I’m ba-ack…and a little lost
I went off the grid for a week to visit family and watch my amazing daughter run a marathon. My online life involved checking email twice a day and posting pictures on FaceBook for other family members– I vigilantly use the post-by-post options to control who can see what, BTW, and have very few professional connections there. I suppose that’s another post. No Twitter, no Connected Courses, no nuthin’.
Inoreader shows 119 unread blog posts. That’s OK– I read really fast.
But the organization of the Connected Courses site is no longer clear to me. I realize two things. One, I feel frustrated and a little lost. And two, this is really good, because I am now experiencing what my own students talk about in one of my Web-infused courses.

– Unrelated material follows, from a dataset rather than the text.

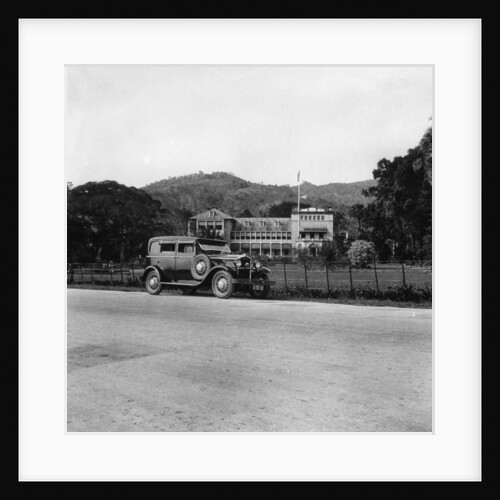 A Singer car in front of the Governor's house, Trinidad, Trinidad and Tobago by Anonymous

I realize I am about to learn a bunch of stuff about organizing web resources. What I don’t realize is what this learning is going to take.
Here’s what I find & how I respond.
I go to the calendar tab and there’s nothing listed for October. It takes me a minute to realize that this page is for events. Does that mean there are no more webinars? OK, how do I figure out what’s next?

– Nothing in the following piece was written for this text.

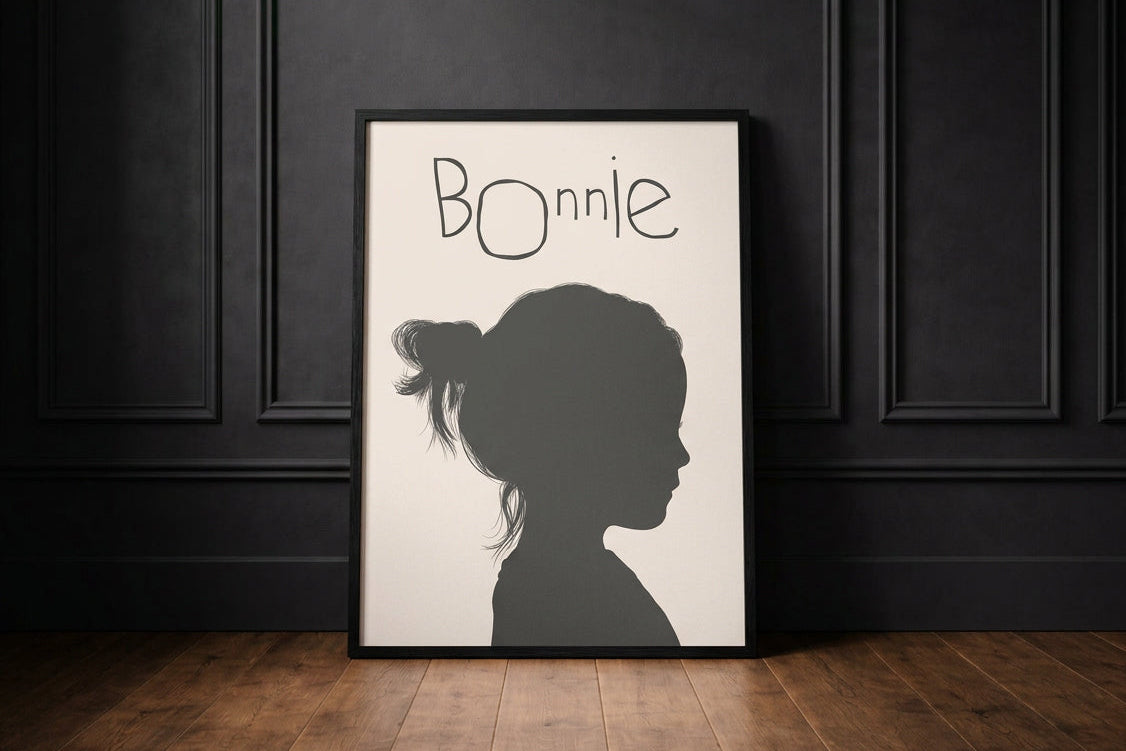 Silhouette portrait of little girl, with her signature above in Childs hand writing saying Bonnie.  framed in black leaning against black panelled wall.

I go to The Course tab and click the Units 1-6 dropdown menu. For a minute I’m confused because I don’t see the most recent (to me) webinar related to PLNs included– maybe I misunderstood something? Now there are a couple of confusing things I’m trying to track. But I set these aside, on a mental shelf, and click on the block of text that introduces the two weeks of activities.
I scan the list to get a sense of what I’ve missed and what I need to do to catch up.

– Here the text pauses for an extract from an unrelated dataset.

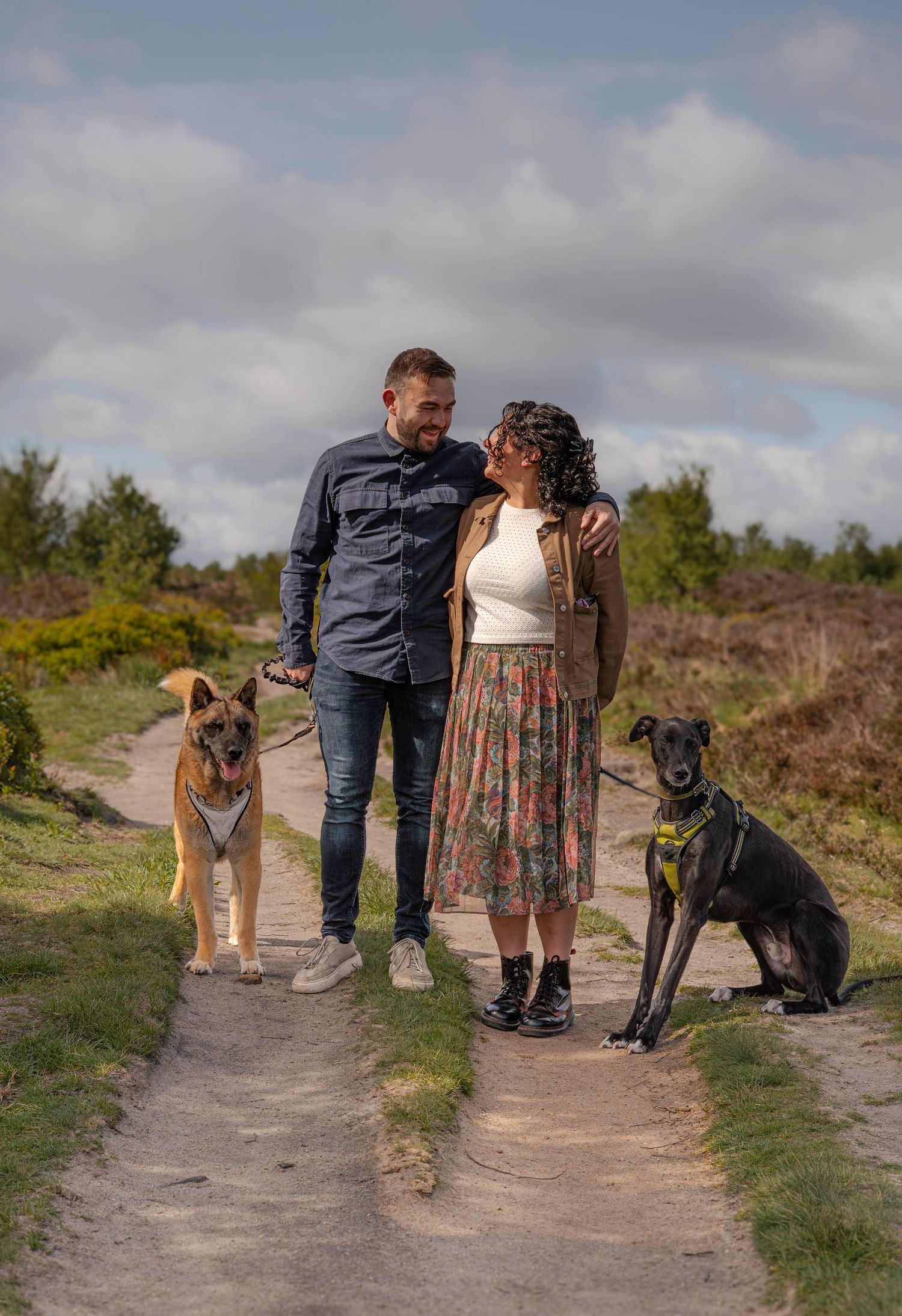 Couple walking two dogs on a scenic heathland path under a partly cloudy sky.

- Jonathan’s video: I can do this
- Preparatory activity: OK, sounds good. “Did you do the bonus task?” Uh-oh, where do I find the bonus task? I shelve this confusion with my other frustrations and push on.
- Week One: Make, reflect, two webinars. Huh, these webinars aren’t on the calendar– are these not live? OK, gotta check back on that. Plus it looks like I have to do some stuff in order to fully participate. How long will that take? I need to do laundry from the trip and get the household into action again. Oh, and the dissertation. Tasks for the course join the frustrations & questions already on the shelf; the parallel track of my offline life begins to compete for space on the shelf.
- Week Two: “Reflection on Changes: How is my network beginning to evolve?” Uh-oh. More tasks go onto the shelf. It looks like I am at the bare beginnings of a network and maybe I’m going to have to act fast to get on board. Hmmm. Maybe you can’t really dip in and out of this course? Am I going to have to put off doing the laundry from the trip in order to catch up? Damn, is it going to be worth it to catch up? Wait. This is not going to be another MOOC I leave behind.
- Webinar. OK, looks like it’s not live again. I can deal with that.
I note that there is now a forum– more to check— and a #Daily Connect– no way I can do all this.
And all that laundry.
But even without doing anything related to the course, I have some thoughts to chew on.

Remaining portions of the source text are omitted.